Friday, September 4, 2009

Common Sense and Home Ownership

Or more appropriately, making loans to provide home ownership.



Via Stacy McCain, Ready for the Mother of All Bailouts?



The FHA is on the hook for lots of "underwater" loans, taken out by low-income homeowners who got special low down-payment deals and -- in case you didn't notice -- unemployment hit a 26-year high in August, with no prospect the 9.7% jobless rate will go down any time this year. Dave Hogberg of Investors Business Daily reports:


FHA-insured loans have more than tripled from 530,000 in fiscal year 2007 to 1.7 million thus far in 2009. The Government National Mortgage Association, which securitizes FHA loans, has boosted its mortgage-related issuance to $287 billion from $85 billion. Yet during that same period, the FHA's loan delinquency rate has climbed to 14.4% in Q2 from 12.6% two years earlier.OK, so guess what the consequences are now?



As job losses continue to mount, why would someone facing economic difficulties try to keep a home that is worth less than the money owed on it?



More at the Hot Air Green Room.



As someone who did loans for the first twenty years of my life straight out of college the current "housing situation" makes me crazy. Let me explain how this whole mortgage problem came to pass as a former lender.

Once upon a time, if you did a mortgage loan the chances were pretty darn good that the loan was golden. It had to be because as a lender you were putting money out there at a relatively low rate of return for a relatively long period of time. You could do that based on some assumptions.

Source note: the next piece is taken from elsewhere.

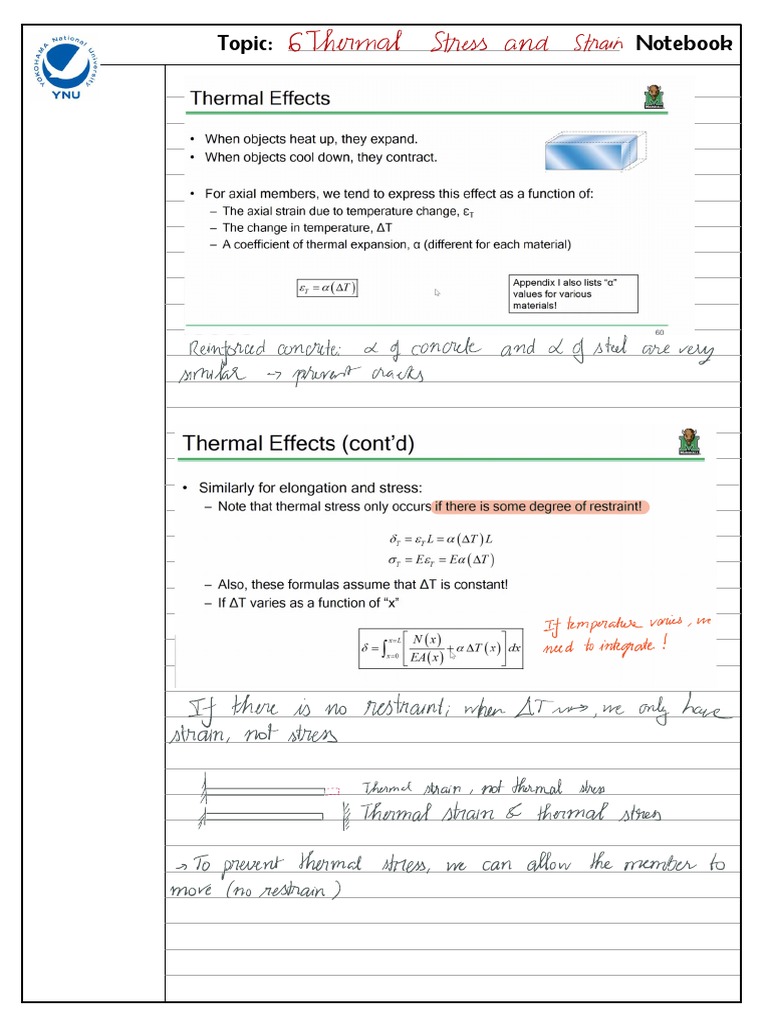 Thermal Stress and Strain | PDF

First, the prospective homeowner was investing too much in to securing the loan to walk away from it. Back in the day, and we are only talking about a decade and a half ago, the buyer had to put a pretty good chunk of change down on the purchase of a home PLUS pay closing costs out of pocket. As a result, people worked and sacrificed in order to save up enough of their own money before they had any kind of shot at getting a home. By the time a couple had the money to secure a loan, they were both financially and emotionally invested in the home.

Second, prospective buyers had to prove that come hell or high water, they paid their obligations. A single "30 day notice" on a credit report could end any hope of receiving a mortgage. On top of that, the buyer had to have at least three months of income, over and above the down payment and closing costs, sitting in a liquid account to show that they could make their payments in the event they had an unforeseen event.

Third, it was assumed that the value of the home would increase over time and therefore, the owner's risk of loss would increase as the lender's risk of loss would decrease. Foreclosure might have been a pain in the lender's tailpipe but it didn't result in a loss. For the homeowner, it was a huge loss and the consequences were unthinkable.

Boom! Everything changed. The powers that be be declared that home ownership was a God given right not a privilege and the push was on. If lenders didn't make enough home loans there was government enforced hell to pay. HMDA, CRA, loan, loan, loan. No money? No credit? No job? NO WORRIES! No money down. No income verification. Don't worry lenders. Throw everything out the window because we (the government) may be forcing you to make these loans but we are also letting you off the hook via Fannie and Freddie and FHA, so knock yourselves out. Guess what happened.


Lenders, under enormous pressure to lend, and with the ability to sell off their risk, created programs that put people who should never been put in to homes in to homes. Were lenders greedy? You bet your backside. Lenders figured out that they could make money by doing exactly what the government demanded that they do. Predatory? Was the government predatory?

So, almost full circle back to Stacy, "As job losses continue to mount, why would someone facing economic difficulties try to keep a home that is worth less than the money owed on it?" They wouldn't. Unintended consequences. The homeowner hasn't got so much invested, financially or emotionally, to stay and fight for a home whose value holds no value. And on the bright side, with the changes in the bankruptcy laws, they can be back in another home, no money down, in three years or less. The biggest loser, as always, is the taxpayer. Now the circle is complete.